DATA EXTRACTS START

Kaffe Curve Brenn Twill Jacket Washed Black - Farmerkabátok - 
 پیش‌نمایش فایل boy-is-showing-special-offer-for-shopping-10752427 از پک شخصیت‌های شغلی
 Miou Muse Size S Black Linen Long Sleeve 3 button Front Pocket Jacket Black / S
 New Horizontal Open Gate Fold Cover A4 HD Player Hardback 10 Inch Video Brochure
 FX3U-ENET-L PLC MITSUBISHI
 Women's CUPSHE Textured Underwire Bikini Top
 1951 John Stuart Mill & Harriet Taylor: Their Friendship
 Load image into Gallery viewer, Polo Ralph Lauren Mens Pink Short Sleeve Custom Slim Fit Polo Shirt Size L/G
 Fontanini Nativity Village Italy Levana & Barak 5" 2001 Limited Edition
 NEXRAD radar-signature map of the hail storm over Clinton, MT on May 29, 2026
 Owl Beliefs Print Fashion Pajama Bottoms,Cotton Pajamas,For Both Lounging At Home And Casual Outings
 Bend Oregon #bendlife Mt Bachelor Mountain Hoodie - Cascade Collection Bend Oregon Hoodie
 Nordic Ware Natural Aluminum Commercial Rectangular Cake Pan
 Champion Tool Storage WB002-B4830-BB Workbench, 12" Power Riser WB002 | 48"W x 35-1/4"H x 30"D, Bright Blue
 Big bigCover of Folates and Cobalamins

DATA EXTRACTS END

§ **ASSIGNMENT**: For the word "Sleeve", count the lines of the data that contain it and report only the total.

§ **SOLUTION TO THIS PROBLEM**: 2